It's often thought that lawyers are a service, like doctors, and will take any case presented to them, regardless of subject (within their area of expertise).
This is true of neither lawyers nor doctors. In general, neither is under any obligation to accept any client (subject to their employment contract and, for a doctor, an obligation to render first-aid).
That said, most lawyers are not litigators and never go near a court room.
Are there also communities of lawyers who have a specific motivation to influence law or establish precedent?

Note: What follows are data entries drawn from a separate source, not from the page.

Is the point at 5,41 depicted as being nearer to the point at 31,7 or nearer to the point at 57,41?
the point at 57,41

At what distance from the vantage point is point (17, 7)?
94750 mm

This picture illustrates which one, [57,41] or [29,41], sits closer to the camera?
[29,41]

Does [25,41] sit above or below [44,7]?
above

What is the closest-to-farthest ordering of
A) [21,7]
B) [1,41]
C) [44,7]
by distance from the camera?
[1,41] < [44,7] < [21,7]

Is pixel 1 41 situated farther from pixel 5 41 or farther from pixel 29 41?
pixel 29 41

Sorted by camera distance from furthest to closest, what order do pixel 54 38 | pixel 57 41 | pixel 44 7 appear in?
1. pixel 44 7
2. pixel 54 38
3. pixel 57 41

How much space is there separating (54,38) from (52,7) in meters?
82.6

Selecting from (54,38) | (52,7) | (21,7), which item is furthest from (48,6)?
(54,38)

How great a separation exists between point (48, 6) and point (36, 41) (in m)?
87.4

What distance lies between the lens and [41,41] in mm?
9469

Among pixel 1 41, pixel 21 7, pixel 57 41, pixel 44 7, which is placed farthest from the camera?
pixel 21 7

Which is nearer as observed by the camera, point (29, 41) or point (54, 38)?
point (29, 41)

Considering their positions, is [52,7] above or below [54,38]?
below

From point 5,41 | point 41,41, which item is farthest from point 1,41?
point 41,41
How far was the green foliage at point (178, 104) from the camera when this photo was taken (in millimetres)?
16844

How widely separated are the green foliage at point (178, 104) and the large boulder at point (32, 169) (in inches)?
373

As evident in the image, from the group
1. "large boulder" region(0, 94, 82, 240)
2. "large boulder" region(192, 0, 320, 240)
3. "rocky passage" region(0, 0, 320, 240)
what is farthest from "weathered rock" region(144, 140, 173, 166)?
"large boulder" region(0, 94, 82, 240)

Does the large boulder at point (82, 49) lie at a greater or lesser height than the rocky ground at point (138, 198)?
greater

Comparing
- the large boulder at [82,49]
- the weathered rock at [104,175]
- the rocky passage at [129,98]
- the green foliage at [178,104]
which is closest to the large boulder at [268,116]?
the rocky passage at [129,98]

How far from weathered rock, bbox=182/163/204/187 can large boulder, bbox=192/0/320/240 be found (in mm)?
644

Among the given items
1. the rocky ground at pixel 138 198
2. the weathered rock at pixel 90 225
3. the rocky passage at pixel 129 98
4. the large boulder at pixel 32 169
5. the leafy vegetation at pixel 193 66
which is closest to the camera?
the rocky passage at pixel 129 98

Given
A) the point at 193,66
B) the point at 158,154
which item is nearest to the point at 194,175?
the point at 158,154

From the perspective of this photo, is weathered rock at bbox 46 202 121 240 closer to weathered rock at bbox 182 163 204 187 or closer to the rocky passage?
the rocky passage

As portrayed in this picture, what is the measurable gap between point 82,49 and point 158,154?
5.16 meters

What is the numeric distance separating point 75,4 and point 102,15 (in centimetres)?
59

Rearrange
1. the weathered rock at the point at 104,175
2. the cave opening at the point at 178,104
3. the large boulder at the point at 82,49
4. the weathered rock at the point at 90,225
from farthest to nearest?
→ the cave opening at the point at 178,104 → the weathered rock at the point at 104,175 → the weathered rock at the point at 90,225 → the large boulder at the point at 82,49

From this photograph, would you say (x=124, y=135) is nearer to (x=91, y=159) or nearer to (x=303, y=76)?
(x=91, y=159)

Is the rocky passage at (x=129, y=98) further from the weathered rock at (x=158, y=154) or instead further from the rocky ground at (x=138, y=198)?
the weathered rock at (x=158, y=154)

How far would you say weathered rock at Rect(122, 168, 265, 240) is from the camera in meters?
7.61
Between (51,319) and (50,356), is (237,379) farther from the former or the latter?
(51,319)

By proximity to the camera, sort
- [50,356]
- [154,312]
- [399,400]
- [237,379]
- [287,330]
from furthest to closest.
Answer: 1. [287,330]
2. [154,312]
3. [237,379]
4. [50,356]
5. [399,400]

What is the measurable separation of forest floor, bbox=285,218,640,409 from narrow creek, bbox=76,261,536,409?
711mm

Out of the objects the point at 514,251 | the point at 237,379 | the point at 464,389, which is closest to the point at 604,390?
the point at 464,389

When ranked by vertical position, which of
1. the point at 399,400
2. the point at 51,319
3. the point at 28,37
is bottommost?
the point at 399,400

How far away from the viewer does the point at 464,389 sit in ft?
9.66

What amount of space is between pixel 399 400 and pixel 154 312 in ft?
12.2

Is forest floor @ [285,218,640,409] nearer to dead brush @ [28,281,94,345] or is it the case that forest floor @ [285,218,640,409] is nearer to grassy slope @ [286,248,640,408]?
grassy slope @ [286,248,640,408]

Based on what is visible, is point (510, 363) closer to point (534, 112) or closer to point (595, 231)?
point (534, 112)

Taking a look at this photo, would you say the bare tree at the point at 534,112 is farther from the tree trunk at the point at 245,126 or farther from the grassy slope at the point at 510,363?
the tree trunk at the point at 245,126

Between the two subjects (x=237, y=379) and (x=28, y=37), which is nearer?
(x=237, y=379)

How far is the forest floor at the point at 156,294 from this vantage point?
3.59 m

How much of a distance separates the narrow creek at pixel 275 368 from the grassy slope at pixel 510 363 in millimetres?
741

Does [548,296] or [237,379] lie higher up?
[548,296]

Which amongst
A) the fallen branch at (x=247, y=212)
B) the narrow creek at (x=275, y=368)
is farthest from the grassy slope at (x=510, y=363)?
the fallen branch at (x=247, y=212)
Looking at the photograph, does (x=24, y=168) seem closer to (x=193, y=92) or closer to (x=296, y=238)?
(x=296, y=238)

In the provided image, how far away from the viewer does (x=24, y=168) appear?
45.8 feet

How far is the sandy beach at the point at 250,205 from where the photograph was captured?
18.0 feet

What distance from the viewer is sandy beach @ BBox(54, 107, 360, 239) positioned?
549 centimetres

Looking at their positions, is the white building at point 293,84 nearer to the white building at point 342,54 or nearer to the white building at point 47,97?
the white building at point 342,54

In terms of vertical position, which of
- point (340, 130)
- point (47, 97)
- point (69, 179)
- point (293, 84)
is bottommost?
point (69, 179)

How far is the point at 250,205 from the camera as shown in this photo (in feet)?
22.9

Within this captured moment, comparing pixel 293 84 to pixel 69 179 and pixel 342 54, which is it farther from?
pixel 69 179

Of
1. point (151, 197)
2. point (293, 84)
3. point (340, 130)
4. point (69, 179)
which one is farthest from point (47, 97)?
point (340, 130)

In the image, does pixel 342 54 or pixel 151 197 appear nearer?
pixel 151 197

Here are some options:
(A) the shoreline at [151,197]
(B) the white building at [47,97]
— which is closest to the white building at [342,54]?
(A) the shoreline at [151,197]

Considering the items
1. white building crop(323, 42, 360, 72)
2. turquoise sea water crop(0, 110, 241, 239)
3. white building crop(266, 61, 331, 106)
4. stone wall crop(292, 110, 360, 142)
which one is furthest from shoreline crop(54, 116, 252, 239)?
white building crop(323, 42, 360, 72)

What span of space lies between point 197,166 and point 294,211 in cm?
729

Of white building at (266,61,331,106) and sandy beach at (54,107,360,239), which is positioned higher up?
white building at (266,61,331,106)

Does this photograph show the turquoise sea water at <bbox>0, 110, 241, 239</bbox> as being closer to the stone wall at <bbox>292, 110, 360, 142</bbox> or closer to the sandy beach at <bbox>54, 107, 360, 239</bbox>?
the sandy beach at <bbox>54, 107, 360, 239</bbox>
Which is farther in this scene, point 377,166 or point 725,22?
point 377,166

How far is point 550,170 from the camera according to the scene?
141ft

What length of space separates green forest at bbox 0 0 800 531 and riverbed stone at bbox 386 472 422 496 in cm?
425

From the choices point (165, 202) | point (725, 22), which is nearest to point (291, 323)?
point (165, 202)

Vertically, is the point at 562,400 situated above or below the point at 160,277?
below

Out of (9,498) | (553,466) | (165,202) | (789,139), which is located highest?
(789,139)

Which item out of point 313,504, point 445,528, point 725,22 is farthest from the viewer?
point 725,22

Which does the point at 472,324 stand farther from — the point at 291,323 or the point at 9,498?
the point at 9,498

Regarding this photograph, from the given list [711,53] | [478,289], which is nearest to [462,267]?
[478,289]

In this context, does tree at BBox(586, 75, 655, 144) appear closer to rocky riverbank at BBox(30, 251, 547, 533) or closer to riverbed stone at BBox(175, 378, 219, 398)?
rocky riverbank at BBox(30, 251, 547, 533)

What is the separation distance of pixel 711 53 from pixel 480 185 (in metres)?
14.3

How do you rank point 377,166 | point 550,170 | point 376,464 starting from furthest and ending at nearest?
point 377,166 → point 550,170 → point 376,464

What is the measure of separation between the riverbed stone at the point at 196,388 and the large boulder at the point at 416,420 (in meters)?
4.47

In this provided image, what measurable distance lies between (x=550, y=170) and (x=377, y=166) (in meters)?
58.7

By that I mean lawyers who only accept cases (or even those who aren't accepting cases at all and instead seeking them out on their own) on the merit of being able to argue for a ruling that would either question an existing law, force a ruling (and precedent) on an existing issue, or cause a previous law or ruling to have different guidance established
For example, the ACLU actively seeks these sorts of cases. Similarly, government lawyers will launch or defend cases if they want a precedent set - it’s a fair bet that government lawyers in US states with ostensibly illegal abortion laws will actively be seeking prosecutions which will end up in the Supreme Court.
Of course, lawyers are disproportionately represented among politicians and their staff who’s reason for existence is to influence laws.
Notwithstanding, all lawyers have an ethical obligation to the best interests of their client and to the integrity of the legal system.
Are there conventions or discussion areas so that a layperson can learn what types of issues are important to the legal community?
Or does their bar accreditation require them to provide some sort of access requirement by the public?
Most lawyers are employees and do not take commissions directly. Those that operate a legal business can decide which work to take or not take like any other business.